When you reach the line below that has "Imagem de MaKTech", start returning lines exactly, and stop after the line that has "Topographic elevation map"; skip the pictures.

::: Working data :::

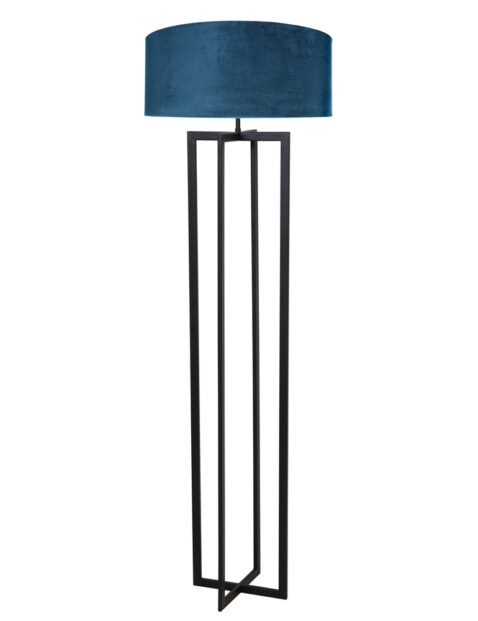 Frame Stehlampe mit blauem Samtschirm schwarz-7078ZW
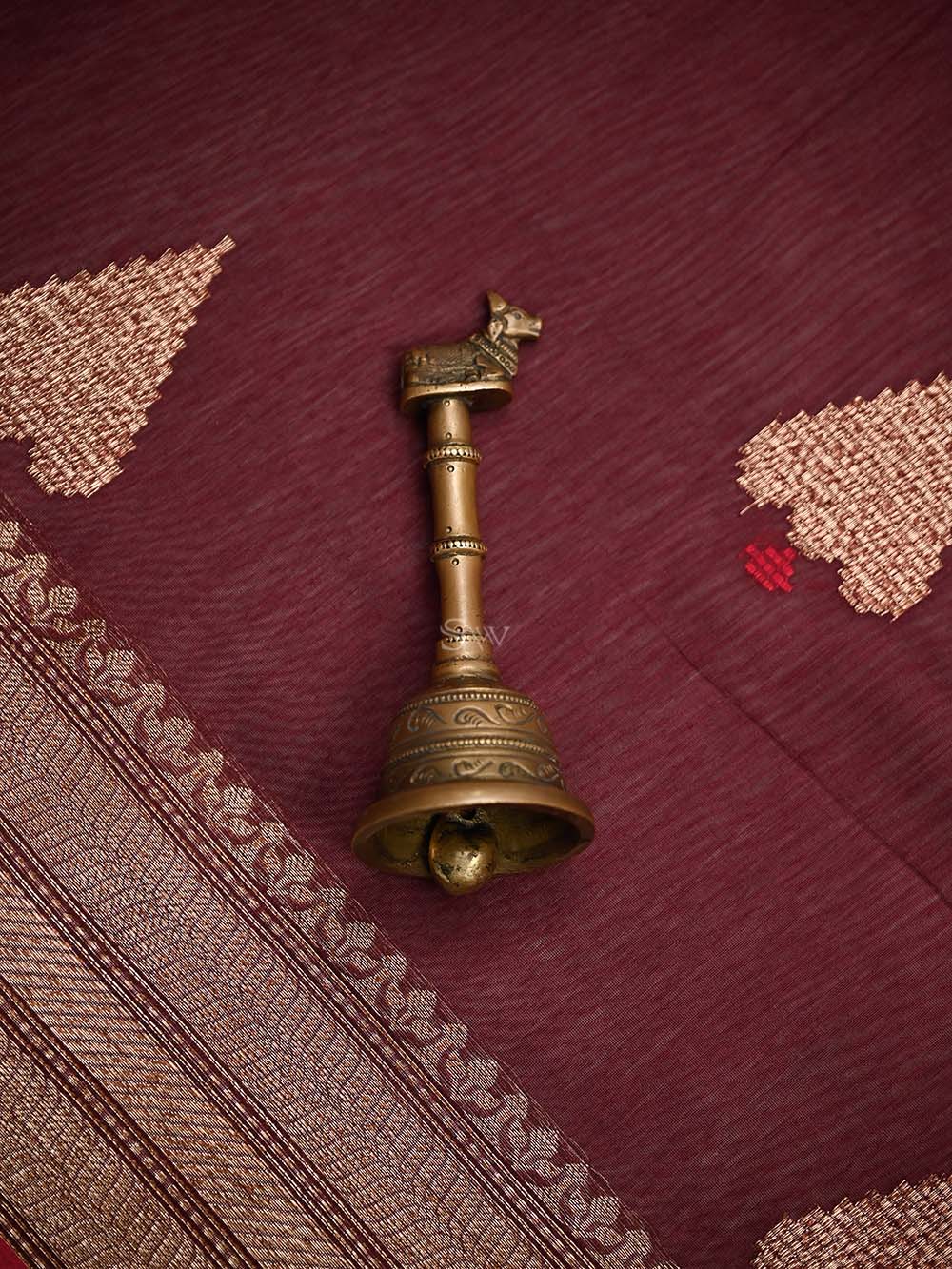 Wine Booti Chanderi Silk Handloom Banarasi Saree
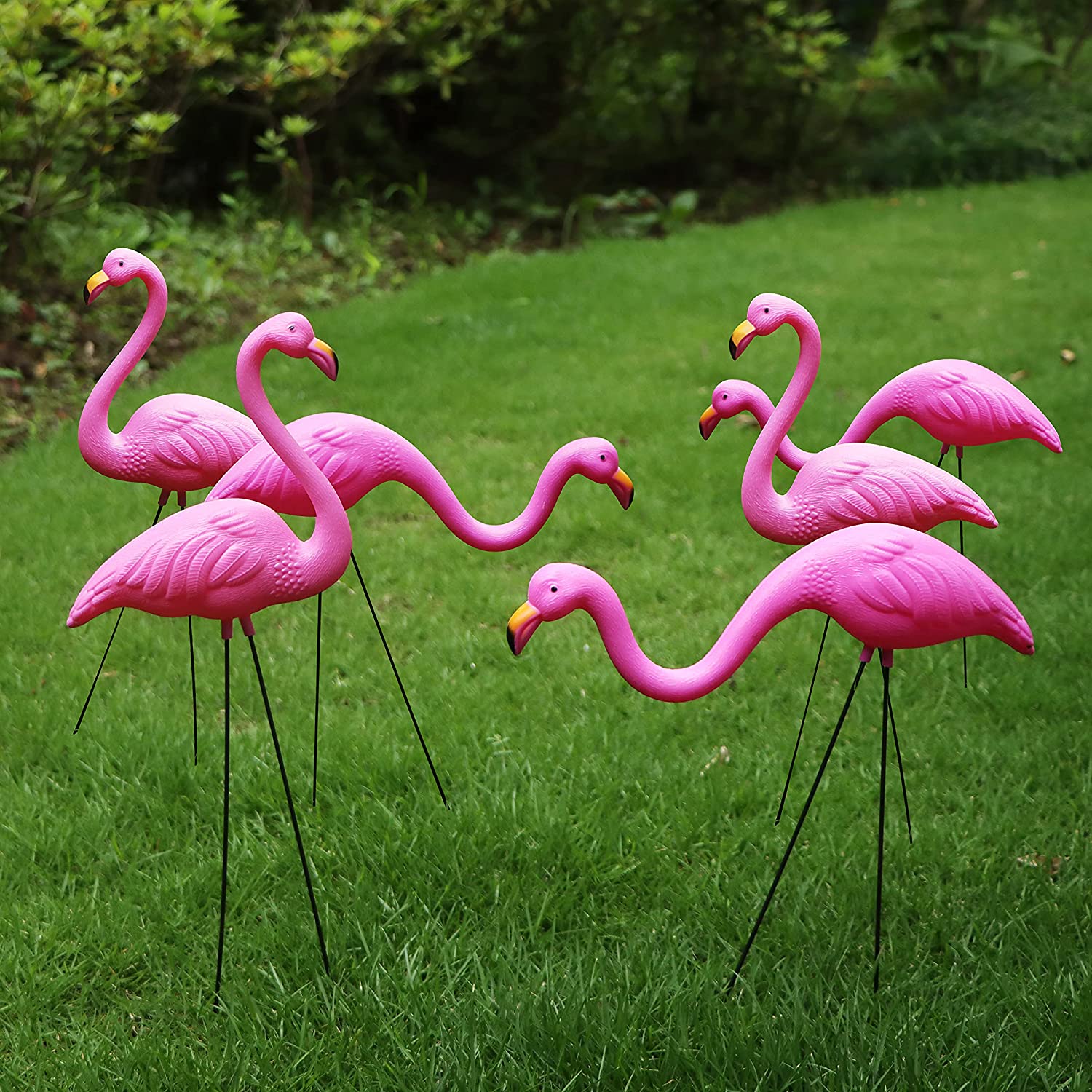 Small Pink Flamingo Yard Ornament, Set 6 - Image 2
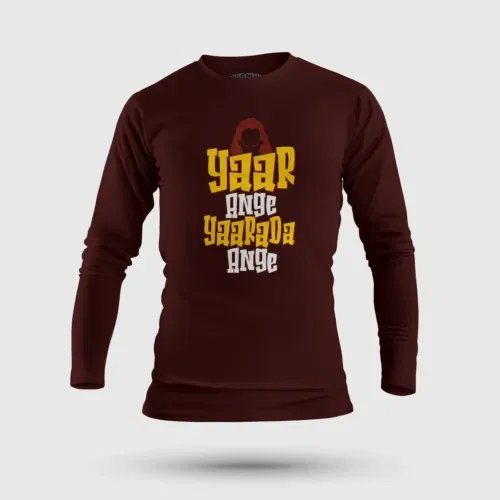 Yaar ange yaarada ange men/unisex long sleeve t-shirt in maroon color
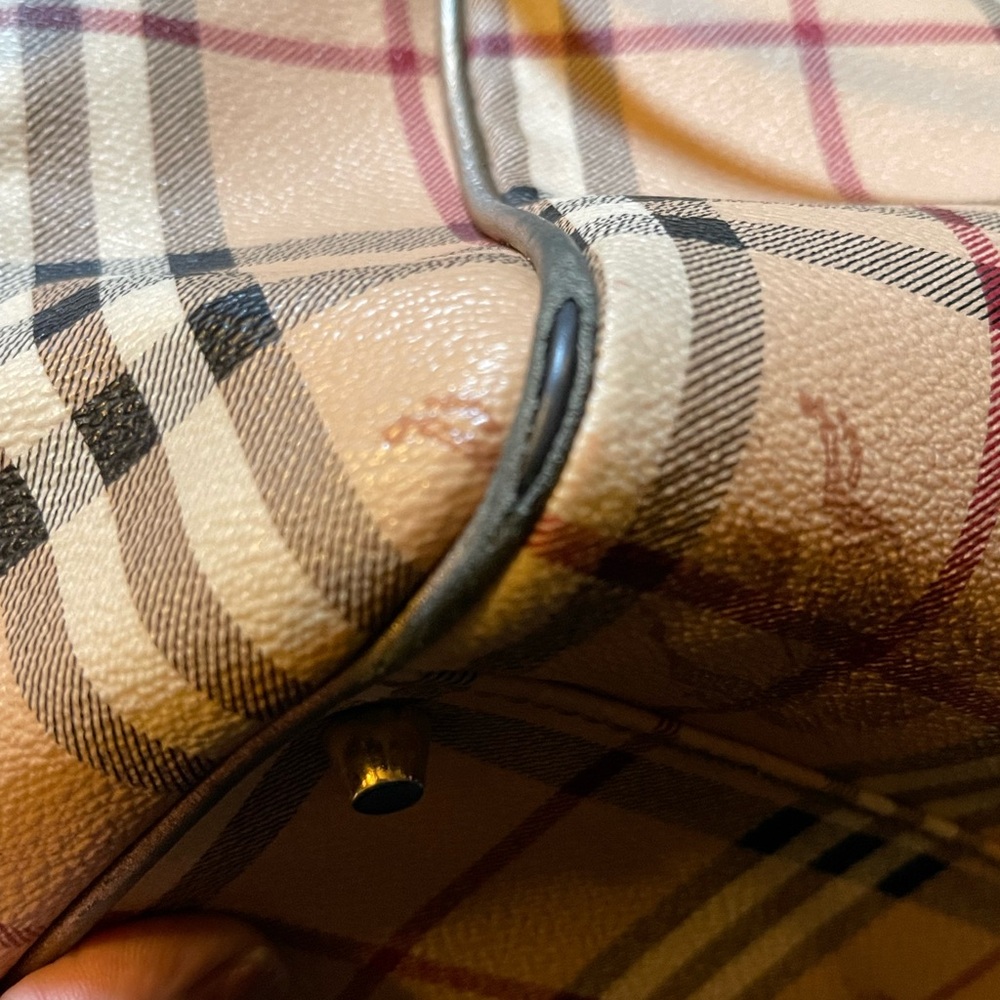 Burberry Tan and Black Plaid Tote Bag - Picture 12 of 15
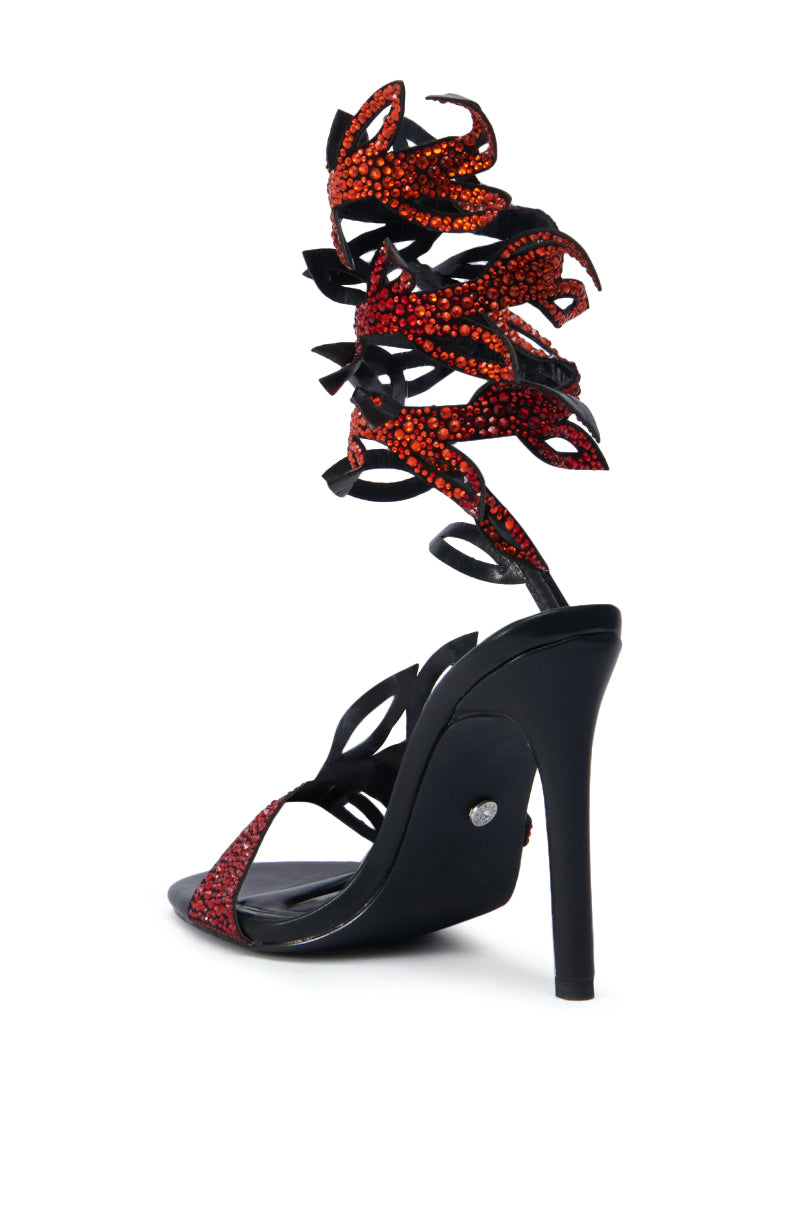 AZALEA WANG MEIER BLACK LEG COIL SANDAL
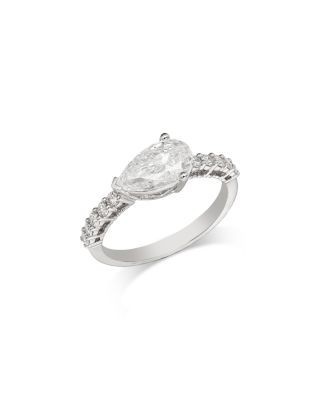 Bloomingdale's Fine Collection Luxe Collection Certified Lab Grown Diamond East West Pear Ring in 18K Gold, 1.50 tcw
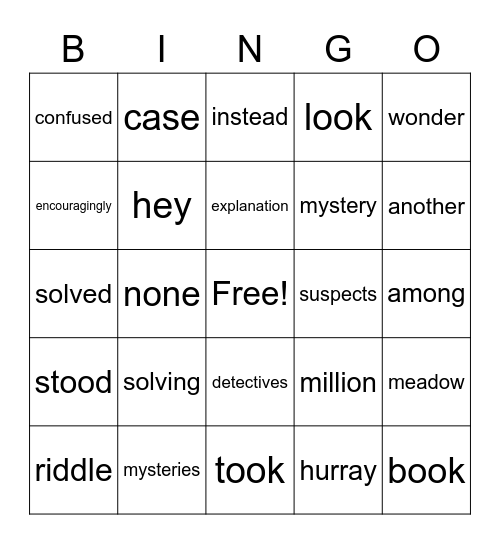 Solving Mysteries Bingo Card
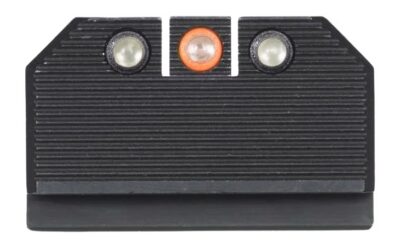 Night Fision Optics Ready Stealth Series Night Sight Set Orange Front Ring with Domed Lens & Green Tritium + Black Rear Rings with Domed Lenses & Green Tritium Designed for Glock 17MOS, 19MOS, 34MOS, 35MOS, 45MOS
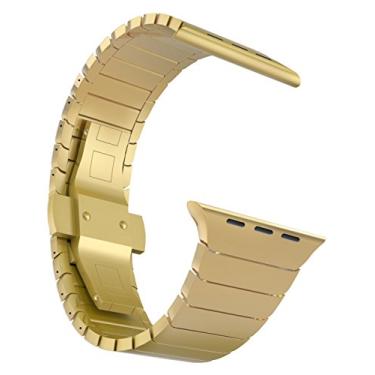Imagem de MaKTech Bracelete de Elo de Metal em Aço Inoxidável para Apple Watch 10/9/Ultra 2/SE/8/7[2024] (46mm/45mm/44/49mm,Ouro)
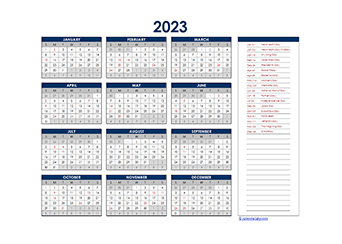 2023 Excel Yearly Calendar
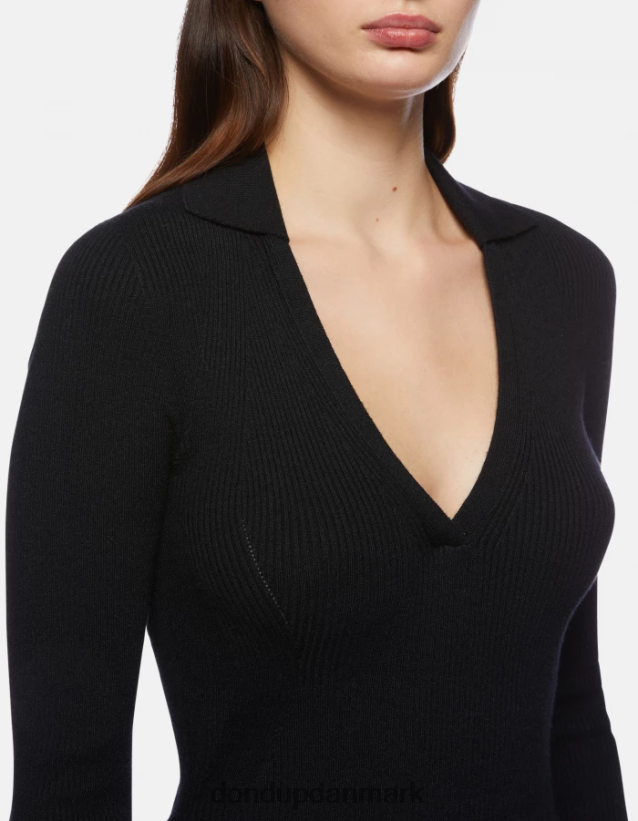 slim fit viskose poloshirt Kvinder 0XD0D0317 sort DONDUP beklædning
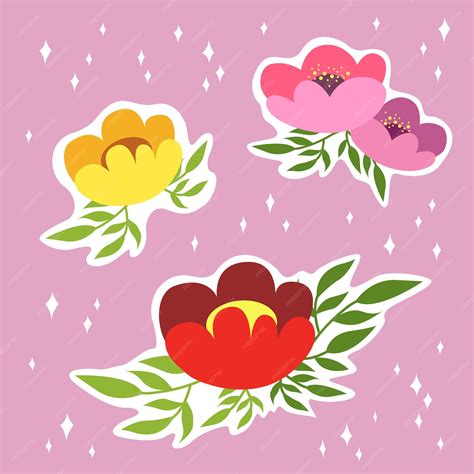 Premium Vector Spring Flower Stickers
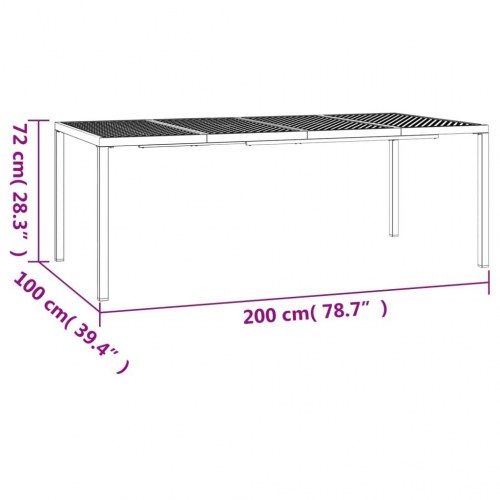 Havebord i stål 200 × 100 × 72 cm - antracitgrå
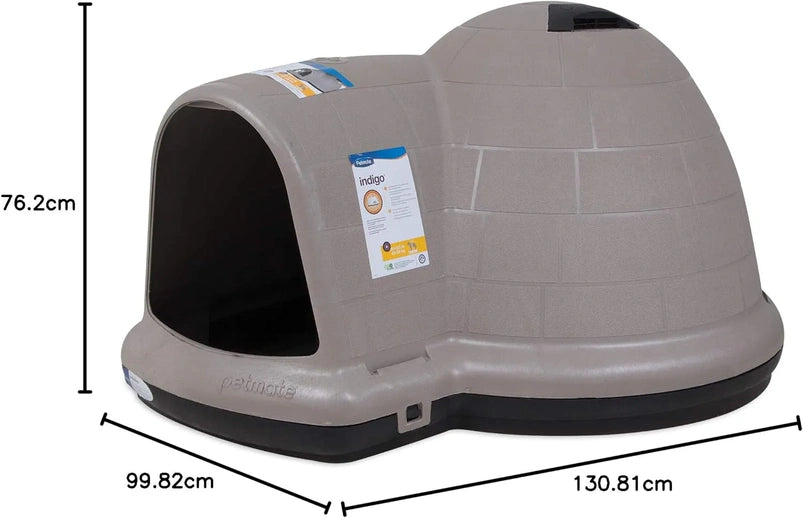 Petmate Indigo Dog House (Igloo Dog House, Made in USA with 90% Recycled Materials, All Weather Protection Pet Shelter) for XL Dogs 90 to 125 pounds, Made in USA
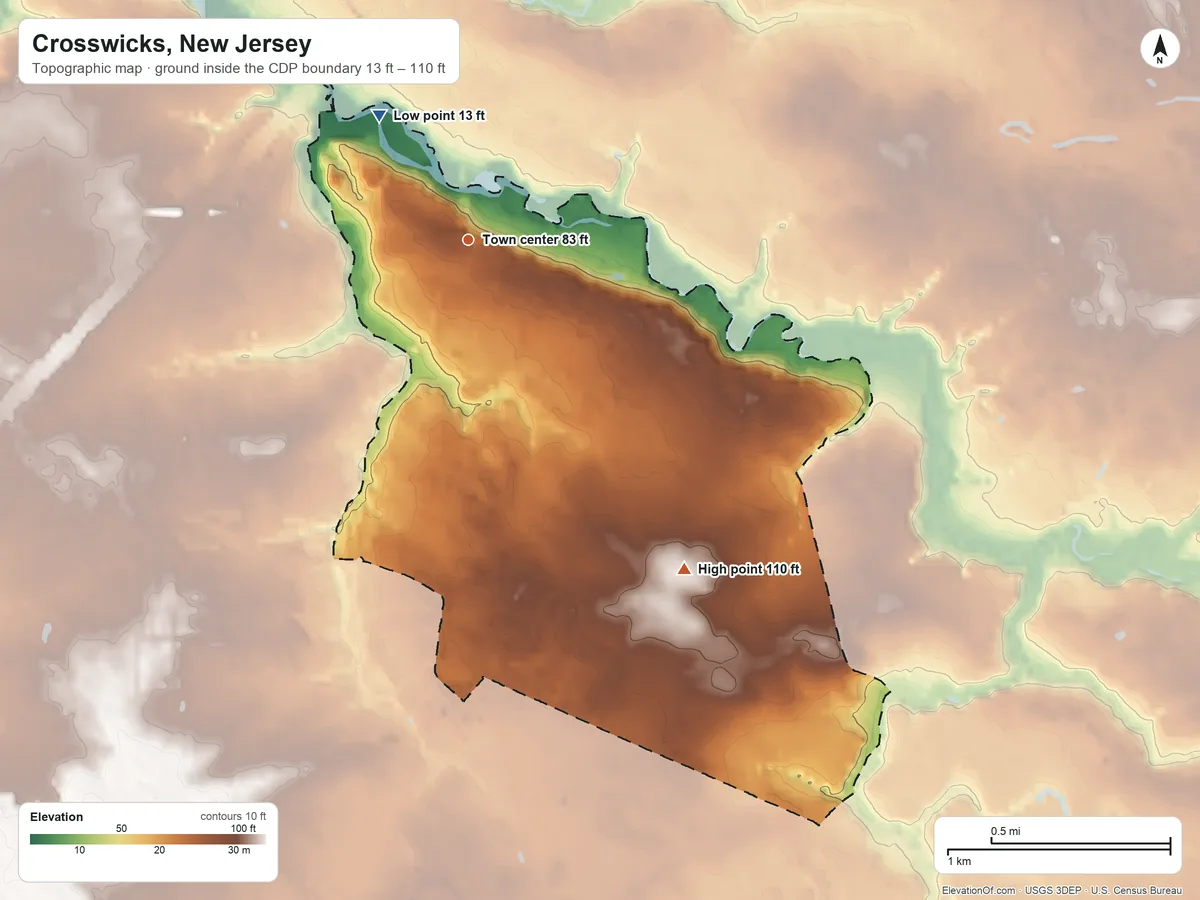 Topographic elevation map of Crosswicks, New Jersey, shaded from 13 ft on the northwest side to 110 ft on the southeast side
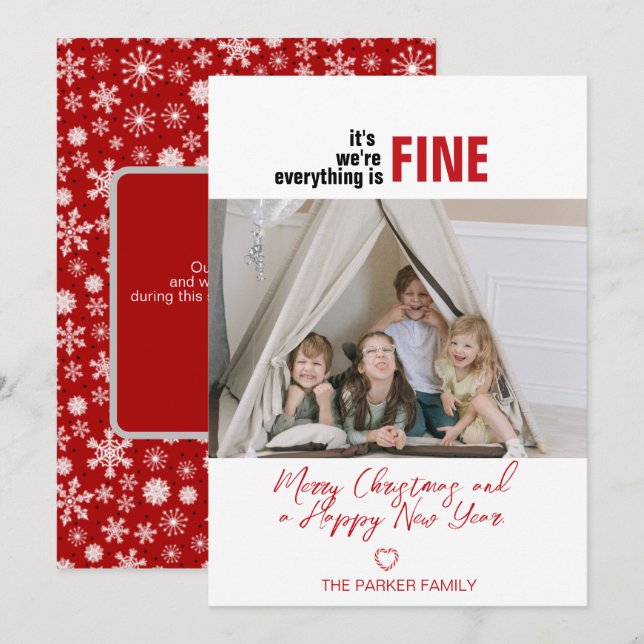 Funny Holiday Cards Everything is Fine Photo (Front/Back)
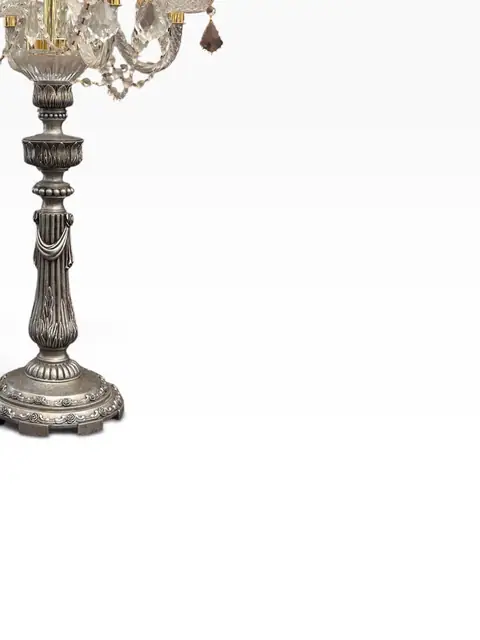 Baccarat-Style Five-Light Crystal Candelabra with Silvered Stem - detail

:::

→ **Reply**
Imagem de MaKTech Bracelete de Elo de Metal em Aço Inoxidável para Apple Watch 10/9/Ultra 2/SE/8/7[2024] (46mm/45mm/44/49mm,Ouro)
 2023 Excel Yearly Calendar
 slim fit viskose poloshirt Kvinder 0XD0D0317 sort DONDUP beklædning
 Premium Vector Spring Flower Stickers
 Havebord i stål 200 × 100 × 72 cm - antracitgrå
 Petmate Indigo Dog House (Igloo Dog House, Made in USA with 90% Recycled Materials, All Weather Protection Pet Shelter) for XL Dogs 90 to 125 pounds, Made in USA
 Topographic elevation map of Crosswicks, New Jersey, shaded from 13 ft on the northwest side to 110 ft on the southeast side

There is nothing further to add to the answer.